Filed under: Bilerico Project,Culture,LGBT,Uncategorized — fakeconsultant @ 7:52 am
Tags: , , , , ,

So once again my writing schedule is going to be turned upside down by unforeseen events—but it’s going to be worth it, as I have one of the funnier stories to tell you that I’ve brought to these pages for some time.

It’s a tale of catering and rejection and redemption, all in one, along with a bit of the Harlem Renaissance thrown in for good measure, and the big circle that was created was officially closed last Saturday night.

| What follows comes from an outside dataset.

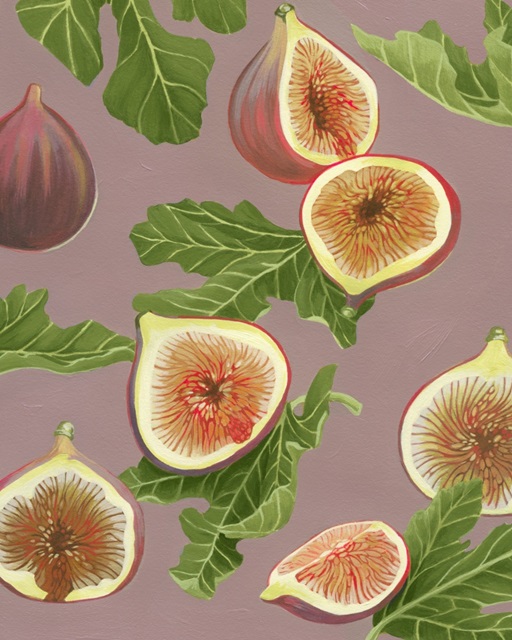 Harvest Figs I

So come along, Gentle Reader, and I’ll tell you the story of how I was officially notified that I’m a member of the gay community—by email.

“Did you know that dolphins were just gay sharks?”

–Heather Morris, as Brittany, from the television show “Glee”

So it all started with Groucho Marx.

I’m a huge fan of the Marx Brothers, and I had the chance to borrow the DVD set of his 1950s game show, “You Bet Your Life”. The very first episode of the series featured Gladys Bentley, who proceeded to pound out some of the best boogie-woogie piano I’ve ever heard; investigation revealed that the same person who was living as a woman in the 1950s was living, under the same name, as one of America’s best-known male celebrities in 1929.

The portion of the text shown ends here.